Despite playing through injury this season, Bogaerts is having a solid year at the plate. And once again, he’s hitting better at home than on the road, slashing .313/.380/.493 with 23 of his 38 doubles and nine of his 14 homers collected over 75 games in the ballpark he’s called home since he was a 20-year-old rookie in 2013.
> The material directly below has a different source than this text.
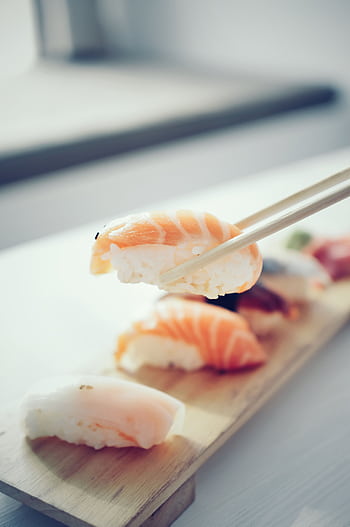 Artistic close-up of a sushi piece with salmon, depicting fresh and appetizing Asian cuisine. HD phone wallpaper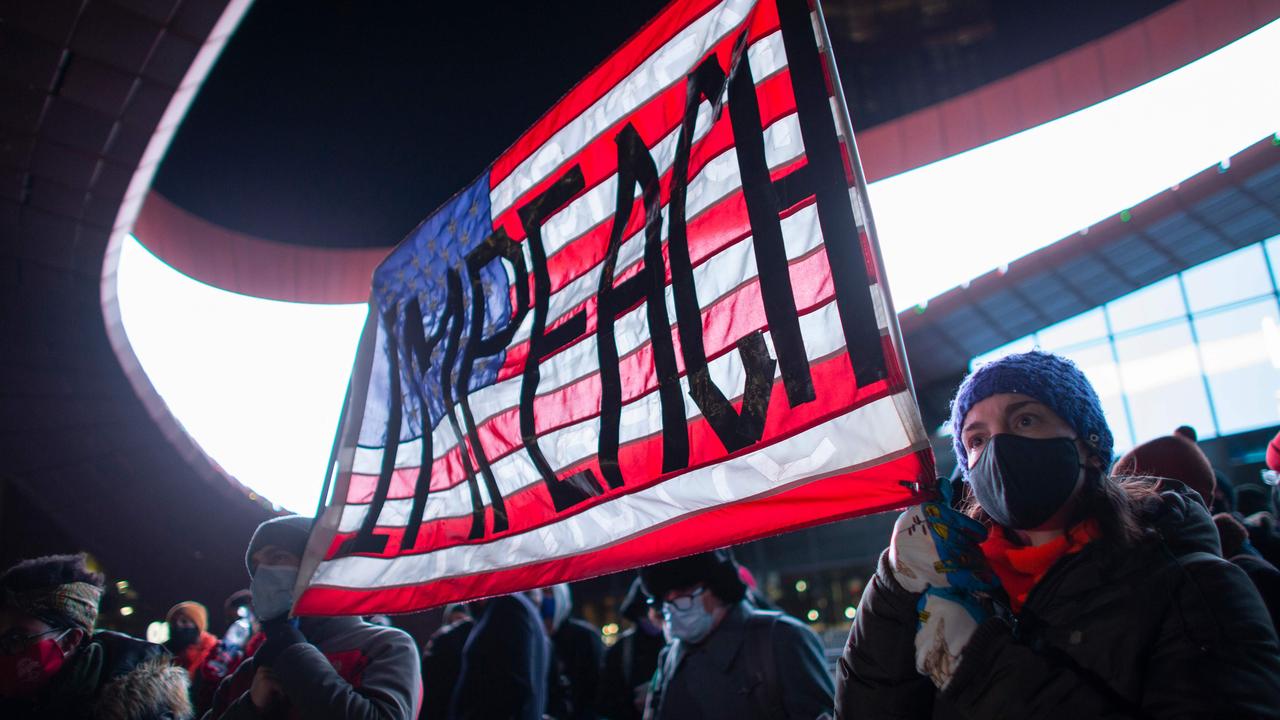 Demonstrators hold a banner calling for impeachment of US President Donald Trump during a protest outside the Barclays Center in Brooklyn, New York. Picture: Kena Betancur / AFP.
In several lengthy public pleas for the Sox to retain Bogaerts (and Rafael Devers) long-term, Ortiz has reminded the world that not every player thrives under the Boston microscope:
"“When you have a guy like [Devers] or Bogaerts in your lineup, that means you’re going to take pressure away from everybody else. They know how to handle it. They know how it is to play in Boston. Trust me, playing in Boston is not for every type of player. I played there for so long, it’s a distraction for a lot of players. They don’t know how to handle it.I played with a lot of superstars and they’ve been great somewhere else and when they got to Boston, they struggled because they couldn’t put up with what is going on out there. These two guys, they grew up there. You know what to expect from them. You know what they’re going to give you. That’s why sometimes I don’t understand why organizations sometimes walk away from that. They prefer to explore other options. I would go with what I know. I’d keep it simple.As a fan, and that’s who I am right now, I don’t play the game anymore, but I know what to expect from those guys. I know exactly what I’m going to get from the two of them. They are the best players that can represent the Red Sox better than anyone else as of right now. We need to lock them in.”via MLB.com"
Throughout Ortiz’s lengthy career in Boston, he saw many stars fade upon arrival, withering under the harsh spotlight. The media and fans are involved to an almost-rabid degree, and many players sink, rather than swim; Bogaerts isn’t one of them.